Suppliers might be passing on costs from upstream factories like Micron and Samsung. Even Apple has to swallow the price hikes from memory and storage vendors.
I bought a root server plan 3 months ago and one of the main selling points that was listed directly below the server specs in large font was "Permanent price"...guess that was total BS.
That is also BS. A brand new EPYC Turin server will have warranty on the RAM and NVMe for enough years into the future to get past this AI turmoil.
What they are really saying is that they want to continue expanding their business at the same rate as before this hardware crisis and are not willing to slow down, so of course that requires jacking up the price on existing users to fund this continued growth.
The other option is to sit tight on their current supply and only raise prices for new VPS purchases but that would decrease upper management's bonuses for not showing year-over-year growth.

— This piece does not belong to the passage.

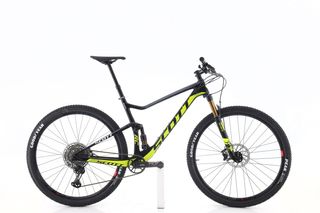 Bicicleta Scott Spark RC 900 Pro XTR talla L Reacondicionada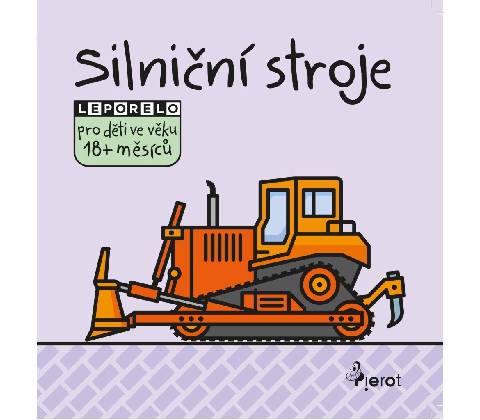 Silniční stroje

I found the black sale page on the web archive.
Now "Permanent Price" just seems like some sort of false advertisement
https://web.archive.org/web/20251126092413/https://www.netcup.com/en/deals/black-friday
Edit: no matter how transparent they are, they have violated their own terms.
my bill is 42 euro per month , now i have to pay like 50 euro per month
Whether it's for existing or new VPS contracts, price increases are applied as a fixed percentage. This means that the impact is less pronounced on the more affordable plans.
For clients utilizing higher-priced VPS options, the cost impact will be more significant.
Well, that's unavoidable, I suppose...
Yes, freeze price no longer exists.
The memory pricing these days is crazy.
P
If netcup specifically offered permanent prices and are now failing to achieve so. As others have said, doesn't it breach the terms of service for the contract or at the very least be counted as fake advertising?
Price increase is permanent, unless you think it is logical to not take more money if given.
To be honest, I do think that Micron is setting up production in 2027 factories. Ram Industry is hard to scale up and down.
Technically, they will still sell the ram to AI companies at a markup but they will then also be able to sell it to customers.
Although these companies are also having a field day, chances are that ram prices might stabilize.
On the other hand, the incentives of the suppliers are the most rent-seeking as we can see from the netcup and (other companies). its usually the suppliers which might betray for more profits and break contracts for example in my opinion.